Frank Donovan

Personal information
- Full name: Francis James Donovan
- Date of birth: 26 February 1919
- Place of birth: Pembroke, Wales
- Date of death: 17 April 2003 (aged 84)
- Place of death: Pembroke, Wales
- Position(s): Winger

Senior career*
- Years: Team / Apps / (Gls)
- Milford United
- Haverfordwest
- Pembroke Borough
- 1950–1951: Swansea Town / 15 / (2)
- Pembroke Borough

International career
- 1948: Great Britain / 2 / (1)

Managerial career
- Pembroke Borough
- Milford United

= Frank Donovan (footballer) =

Welsh footballer

Francis James Donovan (26 February 1919 – 17 April 2003) was a Welsh footballer who represented Great Britain at the 1948 Summer Olympics.

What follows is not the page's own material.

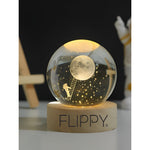 Lampa LED Decorativa, Flippy, cu Bila de Cristal cu Diametru 6cm, Model Astronaut pe Scara catre Luna 3D, Alimentare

Donovan played amateur football with Milford United, Haverfordwest and Pembroke Borough, where he captained them to promotion in 1947–48 and was selected for the 1948 Great Britain Olympic squad.

He joined the English Football League for Swansea Town, signing for the club in July 1950.

He rejoined Pembroke Borough in July 1951 helping them win the Welsh Football League double in the 1953–54 season.

He subsequently managed Pembroke Borough and Milford United.

He combined his football career with a job as an electrician at Pembroke Dock, and he also owned a sports shop.